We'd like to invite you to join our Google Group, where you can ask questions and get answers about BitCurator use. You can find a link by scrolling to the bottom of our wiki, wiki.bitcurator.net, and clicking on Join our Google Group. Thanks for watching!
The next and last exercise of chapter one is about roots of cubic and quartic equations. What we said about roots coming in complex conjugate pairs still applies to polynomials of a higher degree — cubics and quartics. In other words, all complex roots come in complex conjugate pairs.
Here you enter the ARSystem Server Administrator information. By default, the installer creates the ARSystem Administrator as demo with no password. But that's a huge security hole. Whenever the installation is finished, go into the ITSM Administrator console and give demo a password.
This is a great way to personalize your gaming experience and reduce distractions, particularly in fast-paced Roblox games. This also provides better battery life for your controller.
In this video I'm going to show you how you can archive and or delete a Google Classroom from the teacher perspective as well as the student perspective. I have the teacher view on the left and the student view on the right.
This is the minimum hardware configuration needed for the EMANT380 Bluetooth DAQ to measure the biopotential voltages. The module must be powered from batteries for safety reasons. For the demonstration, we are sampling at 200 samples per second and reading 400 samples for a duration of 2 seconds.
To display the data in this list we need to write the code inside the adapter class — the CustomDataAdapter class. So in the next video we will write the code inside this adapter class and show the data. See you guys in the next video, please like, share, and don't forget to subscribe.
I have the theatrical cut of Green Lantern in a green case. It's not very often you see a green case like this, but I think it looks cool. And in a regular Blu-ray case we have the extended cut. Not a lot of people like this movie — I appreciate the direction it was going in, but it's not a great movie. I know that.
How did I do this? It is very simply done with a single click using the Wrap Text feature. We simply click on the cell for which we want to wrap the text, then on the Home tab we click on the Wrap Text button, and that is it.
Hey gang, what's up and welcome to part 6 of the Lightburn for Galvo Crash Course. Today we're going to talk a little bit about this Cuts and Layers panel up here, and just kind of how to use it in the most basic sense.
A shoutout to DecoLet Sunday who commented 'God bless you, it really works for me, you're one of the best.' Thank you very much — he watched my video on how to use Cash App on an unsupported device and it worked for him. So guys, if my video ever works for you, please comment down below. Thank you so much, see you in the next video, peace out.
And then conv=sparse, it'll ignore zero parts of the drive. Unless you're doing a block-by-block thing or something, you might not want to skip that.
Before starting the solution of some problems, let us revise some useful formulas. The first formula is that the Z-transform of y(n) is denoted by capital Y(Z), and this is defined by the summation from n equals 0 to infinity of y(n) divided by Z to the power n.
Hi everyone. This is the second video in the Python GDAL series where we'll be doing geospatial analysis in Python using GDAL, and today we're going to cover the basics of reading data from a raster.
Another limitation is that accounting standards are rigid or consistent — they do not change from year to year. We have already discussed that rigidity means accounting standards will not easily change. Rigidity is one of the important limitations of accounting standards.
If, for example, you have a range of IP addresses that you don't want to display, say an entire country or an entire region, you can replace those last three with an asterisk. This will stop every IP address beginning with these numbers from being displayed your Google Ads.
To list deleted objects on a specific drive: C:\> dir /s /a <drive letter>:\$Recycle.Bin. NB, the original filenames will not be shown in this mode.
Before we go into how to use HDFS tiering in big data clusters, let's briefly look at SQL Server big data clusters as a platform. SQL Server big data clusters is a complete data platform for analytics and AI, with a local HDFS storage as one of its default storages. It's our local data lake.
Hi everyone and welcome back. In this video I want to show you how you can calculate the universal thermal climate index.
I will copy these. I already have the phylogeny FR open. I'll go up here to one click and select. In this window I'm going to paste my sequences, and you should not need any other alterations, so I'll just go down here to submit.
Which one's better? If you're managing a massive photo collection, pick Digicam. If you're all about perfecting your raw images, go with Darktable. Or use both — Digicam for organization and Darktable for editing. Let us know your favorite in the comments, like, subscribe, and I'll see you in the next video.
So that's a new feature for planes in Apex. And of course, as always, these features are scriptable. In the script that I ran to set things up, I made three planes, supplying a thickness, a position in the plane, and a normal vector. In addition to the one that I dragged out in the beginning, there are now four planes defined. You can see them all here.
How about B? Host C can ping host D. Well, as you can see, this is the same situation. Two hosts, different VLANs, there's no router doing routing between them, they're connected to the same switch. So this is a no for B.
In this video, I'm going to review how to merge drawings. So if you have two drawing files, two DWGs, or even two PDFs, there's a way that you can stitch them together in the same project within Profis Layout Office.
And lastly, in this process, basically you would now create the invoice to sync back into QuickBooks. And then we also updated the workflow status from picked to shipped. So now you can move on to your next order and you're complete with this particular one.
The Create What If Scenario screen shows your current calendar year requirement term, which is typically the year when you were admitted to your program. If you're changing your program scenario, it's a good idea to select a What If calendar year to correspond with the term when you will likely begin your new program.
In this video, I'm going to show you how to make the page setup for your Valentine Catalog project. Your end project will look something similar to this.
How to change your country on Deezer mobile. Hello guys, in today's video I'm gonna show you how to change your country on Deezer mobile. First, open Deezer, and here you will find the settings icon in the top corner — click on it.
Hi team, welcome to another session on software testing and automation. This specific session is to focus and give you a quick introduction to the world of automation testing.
------------------------------
* _ABOUT THIS EXERCISE_
Would you restate the entries word for word, omitting none?

* _EXERCISE SOLUTION_
We'd like to invite you to join our Google Group, where you can ask questions and get answers about BitCurator use. You can find a link by scrolling to the bottom of our wiki, wiki.bitcurator.net, and clicking on Join our Google Group. Thanks for watching!
The next and last exercise of chapter one is about roots of cubic and quartic equations. What we said about roots coming in complex conjugate pairs still applies to polynomials of a higher degree — cubics and quartics. In other words, all complex roots come in complex conjugate pairs.
Here you enter the ARSystem Server Administrator information. By default, the installer creates the ARSystem Administrator as demo with no password. But that's a huge security hole. Whenever the installation is finished, go into the ITSM Administrator console and give demo a password.
This is a great way to personalize your gaming experience and reduce distractions, particularly in fast-paced Roblox games. This also provides better battery life for your controller.
In this video I'm going to show you how you can archive and or delete a Google Classroom from the teacher perspective as well as the student perspective. I have the teacher view on the left and the student view on the right.
This is the minimum hardware configuration needed for the EMANT380 Bluetooth DAQ to measure the biopotential voltages. The module must be powered from batteries for safety reasons. For the demonstration, we are sampling at 200 samples per second and reading 400 samples for a duration of 2 seconds.
To display the data in this list we need to write the code inside the adapter class — the CustomDataAdapter class. So in the next video we will write the code inside this adapter class and show the data. See you guys in the next video, please like, share, and don't forget to subscribe.
I have the theatrical cut of Green Lantern in a green case. It's not very often you see a green case like this, but I think it looks cool. And in a regular Blu-ray case we have the extended cut. Not a lot of people like this movie — I appreciate the direction it was going in, but it's not a great movie. I know that.
How did I do this? It is very simply done with a single click using the Wrap Text feature. We simply click on the cell for which we want to wrap the text, then on the Home tab we click on the Wrap Text button, and that is it.
Hey gang, what's up and welcome to part 6 of the Lightburn for Galvo Crash Course. Today we're going to talk a little bit about this Cuts and Layers panel up here, and just kind of how to use it in the most basic sense.
A shoutout to DecoLet Sunday who commented 'God bless you, it really works for me, you're one of the best.' Thank you very much — he watched my video on how to use Cash App on an unsupported device and it worked for him. So guys, if my video ever works for you, please comment down below. Thank you so much, see you in the next video, peace out.
And then conv=sparse, it'll ignore zero parts of the drive. Unless you're doing a block-by-block thing or something, you might not want to skip that.
Before starting the solution of some problems, let us revise some useful formulas. The first formula is that the Z-transform of y(n) is denoted by capital Y(Z), and this is defined by the summation from n equals 0 to infinity of y(n) divided by Z to the power n.
Hi everyone. This is the second video in the Python GDAL series where we'll be doing geospatial analysis in Python using GDAL, and today we're going to cover the basics of reading data from a raster.
Another limitation is that accounting standards are rigid or consistent — they do not change from year to year. We have already discussed that rigidity means accounting standards will not easily change. Rigidity is one of the important limitations of accounting standards.
If, for example, you have a range of IP addresses that you don't want to display, say an entire country or an entire region, you can replace those last three with an asterisk. This will stop every IP address beginning with these numbers from being displayed your Google Ads.
To list deleted objects on a specific drive: C:\> dir /s /a <drive letter>:\$Recycle.Bin. NB, the original filenames will not be shown in this mode.
Before we go into how to use HDFS tiering in big data clusters, let's briefly look at SQL Server big data clusters as a platform. SQL Server big data clusters is a complete data platform for analytics and AI, with a local HDFS storage as one of its default storages. It's our local data lake.
Hi everyone and welcome back. In this video I want to show you how you can calculate the universal thermal climate index.
I will copy these. I already have the phylogeny FR open. I'll go up here to one click and select. In this window I'm going to paste my sequences, and you should not need any other alterations, so I'll just go down here to submit.
Which one's better? If you're managing a massive photo collection, pick Digicam. If you're all about perfecting your raw images, go with Darktable. Or use both — Digicam for organization and Darktable for editing. Let us know your favorite in the comments, like, subscribe, and I'll see you in the next video.
So that's a new feature for planes in Apex. And of course, as always, these features are scriptable. In the script that I ran to set things up, I made three planes, supplying a thickness, a position in the plane, and a normal vector. In addition to the one that I dragged out in the beginning, there are now four planes defined. You can see them all here.
How about B? Host C can ping host D. Well, as you can see, this is the same situation. Two hosts, different VLANs, there's no router doing routing between them, they're connected to the same switch. So this is a no for B.
In this video, I'm going to review how to merge drawings. So if you have two drawing files, two DWGs, or even two PDFs, there's a way that you can stitch them together in the same project within Profis Layout Office.
And lastly, in this process, basically you would now create the invoice to sync back into QuickBooks. And then we also updated the workflow status from picked to shipped. So now you can move on to your next order and you're complete with this particular one.
The Create What If Scenario screen shows your current calendar year requirement term, which is typically the year when you were admitted to your program. If you're changing your program scenario, it's a good idea to select a What If calendar year to correspond with the term when you will likely begin your new program.
In this video, I'm going to show you how to make the page setup for your Valentine Catalog project. Your end project will look something similar to this.
How to change your country on Deezer mobile. Hello guys, in today's video I'm gonna show you how to change your country on Deezer mobile. First, open Deezer, and here you will find the settings icon in the top corner — click on it.
Hi team, welcome to another session on software testing and automation. This specific session is to focus and give you a quick introduction to the world of automation testing.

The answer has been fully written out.